» What needs to be done: In the listing below, find the line containing "Piasta przednia 9670367680 PEUGEOT" and the line containing "portfolio-image-14", then copy exactly everything from the first through the second, except the pictures.

» Task inputs:

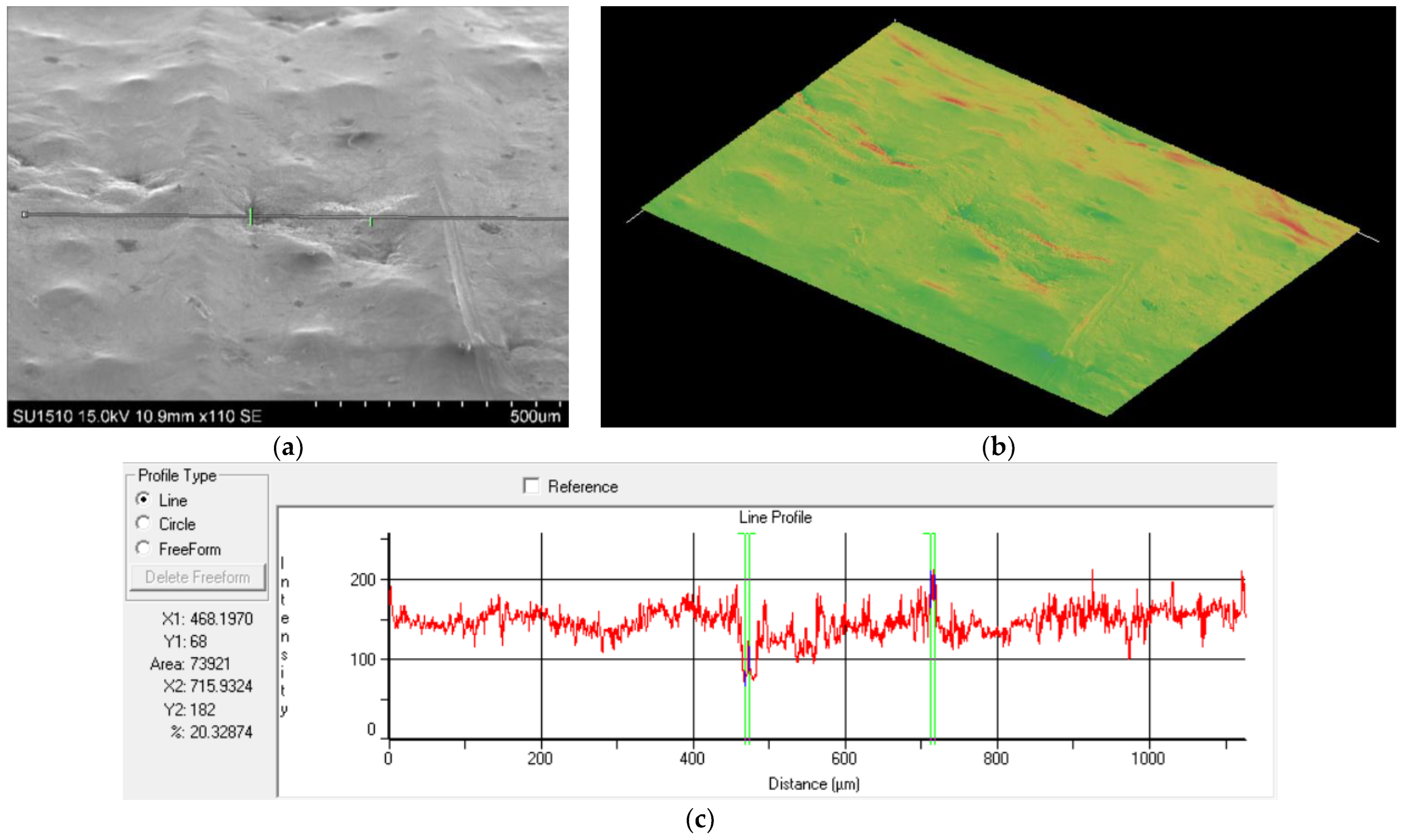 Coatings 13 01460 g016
--
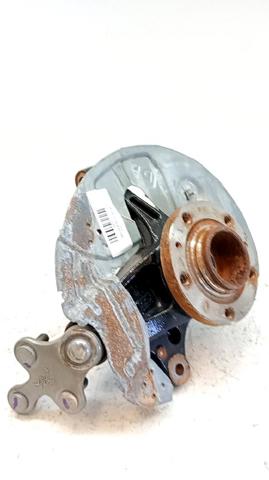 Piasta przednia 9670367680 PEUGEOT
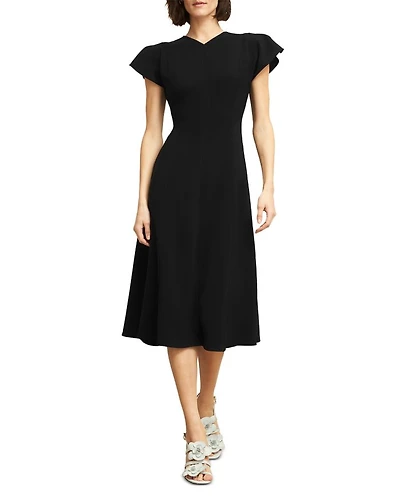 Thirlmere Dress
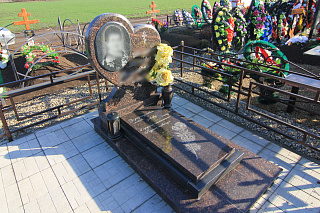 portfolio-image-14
==
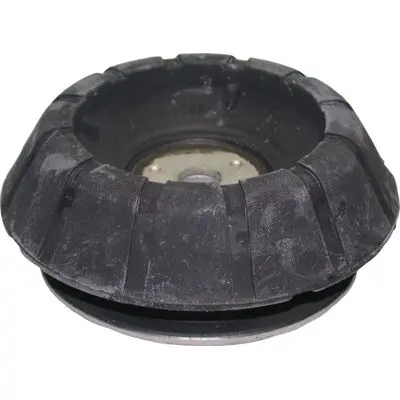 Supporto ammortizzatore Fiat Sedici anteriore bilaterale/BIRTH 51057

» Answer to this problem:
 Piasta przednia 9670367680 PEUGEOT
 Thirlmere Dress
 portfolio-image-14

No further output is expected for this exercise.